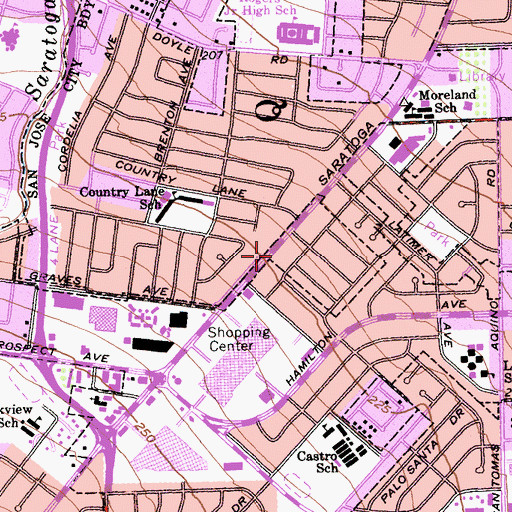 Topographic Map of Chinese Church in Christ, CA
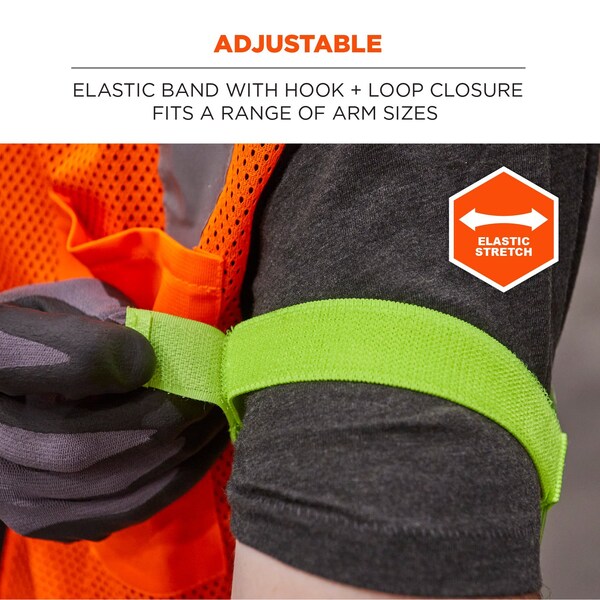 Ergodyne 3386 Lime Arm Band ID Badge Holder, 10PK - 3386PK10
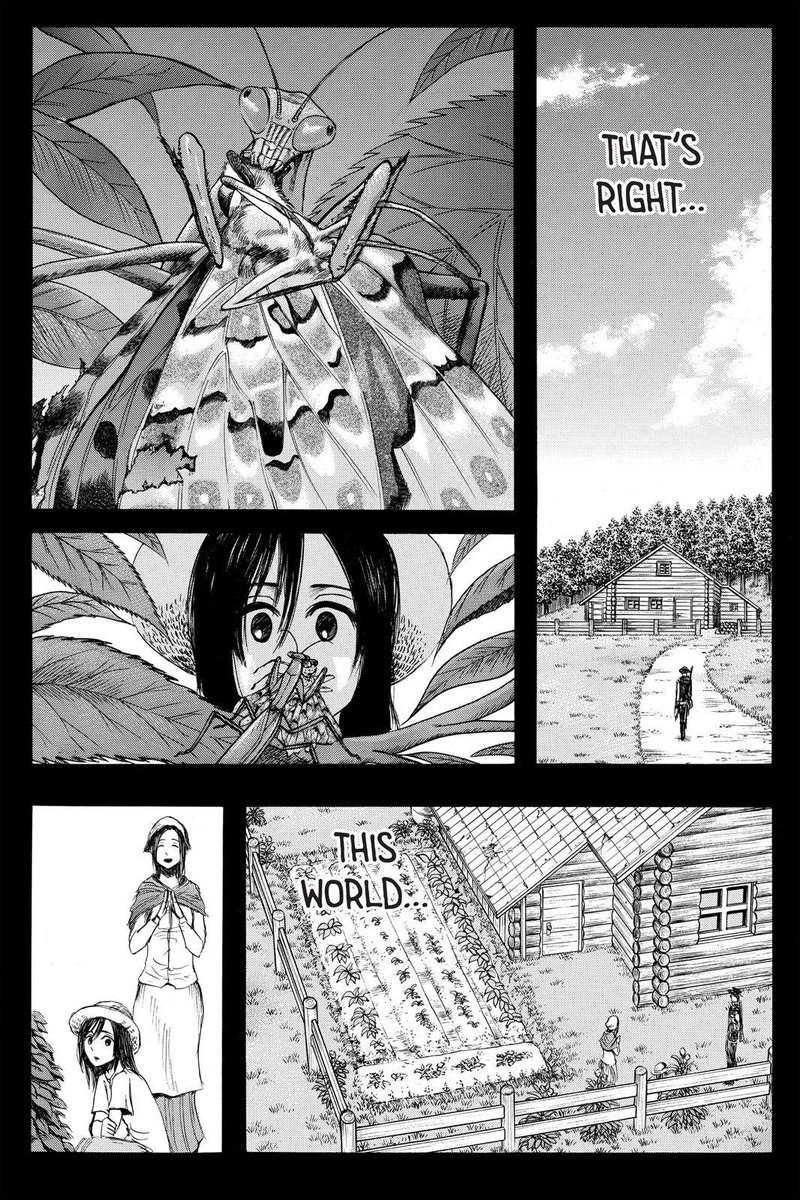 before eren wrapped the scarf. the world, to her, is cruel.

## Exercise instructions
Reproduce the material above exactly, but only from the line with "Ergodyne 3386 Lime" through its last line, leaving pictures out.

## Written solution
 Ergodyne 3386 Lime Arm Band ID Badge Holder, 10PK - 3386PK10
 before eren wrapped the scarf. the world, to her, is cruel.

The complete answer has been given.